- Born: Julius Thorn 7 February 1899 Vienna, Austria
- Died: 12 December 1980 (aged 81) London, England
- Occupation: Businessman
- Known for: Founder of Thorn Electrical Industries
- Spouse(s): Dorothy Olive Tanner (m. 1928) Jean Norfolk (m. 1971)
- Children: 2

= Jules Thorn =

Sir Jules Thorn (7 February 1899 - 12 December 1980) was the founder of Thorn Electrical Industries, one of the United Kingdom's largest electrical businesses.

==Career==
Born in Vienna to Jewish parents Leibisch Thorn and Teme Thorn (née Finkelstein), Julius (later known as Jules) Thorn was conscripted into the Austrian Army during World War I. After the War he studied at the Handelshochschule (Business School) in Vienna.

In 1923 Thorn moved to the United Kingdom as representative for Olso, an Austrian manufacturer of gas mantles. In 1926 Olso went bankrupt and Thorn chose to set up business on his own trading as the Electric Lamp Service Company.

In August 1932, Thorn acquired a controlling interest in Chorlton Metal Co. Limited, dealers of electric lamps and radio goods, based in Manchester. In October 1933, Thorn formed Lotus Radio (1933) Limited with Mr L. M. Glancy, a director of Chorlton Metal Co. Limited, acquiring certain assets of the original Lotus Company and to manufacture radio receivers.

By 1936 he merged the companies together, which became one of the largest electrical businesses in the country, Thorn Electrical Industries. He was knighted in 1964.

In 1970 Thorn retired from full-time involvement in the business to devote himself to his racehorses and his collection of Impressionist paintings. He was a successful racehorse owner and won the 2,000 Guineas Stakes at Newmarket with High Top in 1972. Only in 1976 did he retire as chairman of the business.
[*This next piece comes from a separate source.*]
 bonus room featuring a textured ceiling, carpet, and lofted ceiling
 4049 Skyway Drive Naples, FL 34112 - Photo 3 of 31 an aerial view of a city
Thorn died in Westminster, London on 12 December 1980, not long after seeing his company's successful takeover of long-time rival EMI. His work and vision is continued through the Sir Jules Thorn Charitable Trust, chaired by his daughter Ann Rylands, who died in 2009.

==Family==
In 1928 he married Dorothy Olive Tanner and together they went on to have one son and one daughter. He married a second time, to Jean Norfolk, in 1971.